I bambini non sempre distinguono un evento dalla rappresentazione di esso; per me, quella che si portava per il paese non era la statua del Cristo Morto , ma era il Cristo Morto che portavamo lungo le strade a noi care.
C’era sempre la luna (la Pasqua , infatti, cade sempre la domenica che segue il plenilunio, dopo l’equinozio di primavera, quindi almeno uno spicchio di luna ci deve essere) .Le strade di allora erano silenziose e poco illuminate; in quella circostanza però, sul davanzale di ogni finestra, c’era una fila di lumini, dai balconi pendevano le coperte e i drappi di stoffa , qualche donna metteva sulla porta di casa un braciere col fuoco su cui si buttavano dei granelli di incenso, il profumo si spandeva nell’aria e tutte le povere strade diventavano chiese.
Il momento più bello di tutta la processione era per me il tratto che va da San Pietro al quartiere di Terra Vecchia. A San Pietro, davanti alla casa di zi’ Donatino c’erano due tavoli ricoperti con drappi per permettere una sosta ai portatori delle statue. Quando la processione si riavviava , noi bambini già avevamo fatto la discesa della Ripamorella e stavamo risalendo lungo le scale “d’u’ furruccio” verso il Gesù. Sulla piazzetta dovevamo fare una breve sosta, per via della fermata dei portatori.

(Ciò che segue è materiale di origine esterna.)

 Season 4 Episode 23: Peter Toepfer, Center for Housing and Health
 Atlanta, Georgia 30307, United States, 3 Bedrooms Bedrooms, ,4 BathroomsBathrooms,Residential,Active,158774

Stavamo sempre sulla piazzetta del Gesù quando la statua e il coro scendevano la Ripamorella. Quei momenti non li ho mai dimenticati. Avevamo davanti a noi la montagna illuminata dalla luna. La luce lunare o il sole al tramonto e all’alba sono gli unici fari degni di illuminare la montagna; la montagna è il trono di Dio e si mostra in tutta la sua sublime bellezza solo sotto le luci del firmamento. C’era il silenzio della notte sottolineato dallo scorrere delle acque del fiume e improvvisamente si levava alto e straziante il canto del Miserere. Non mi intendo di musica e non ne capivo niente nemmeno allora, forse quel coro non somigliava neanche un po’ a quello dell’Accademia di Santa Cecilia, ma non lo avrei cambiato con nessun altro coro al mondo. Quelle note tenute a lungo e che terminavano quasi in un singhiozzo, partivano dai precordi e salivano possenti e chiare ad invocare il perdono e la Pietà di Dio. Il sentimento che animava i cantori veniva da molto lontano, conteneva i lamenti e il pianto di tutta quella folla di persone che avevano da secoli calpestato quelle strade, piegate dalla fatica, poveri e derelitti, umiliati ed offesi; c’era il pianto di tutta l’umanità
.. Le parole del Re Davide non hanno bisogno di commenti, esprimono da sole tutta la fragilità e tutta la grandezza dell’umana natura. Il canto che le accompagna è il canto triste e dolente dell’umanità sofferente, ha la solennità e la sacralità del canto gregoriano, è nello stesso tempo il canto lungo, straziante del “Lamento della Vedova”, di certi Spirituals dei neri fatti schiavi in America, il lamento che doveva venire dal cuore degli Ebrei, quando le cetre non accompagnavano le danze e gli inni sacri, ma “dai salici pendevano ,mute al triste vento”. Tutto questo era per me quel Miserere cantato da un umile coro di paese, senza accompagnamento di violini, lì, in faccia alla montagna, sulle strade sconnesse e dirupate, dietro il simulacro di un Uomo che poteva rivolgersi a Dio chiamandolo Padre e che si era caricato di tutto il dolore del mondo.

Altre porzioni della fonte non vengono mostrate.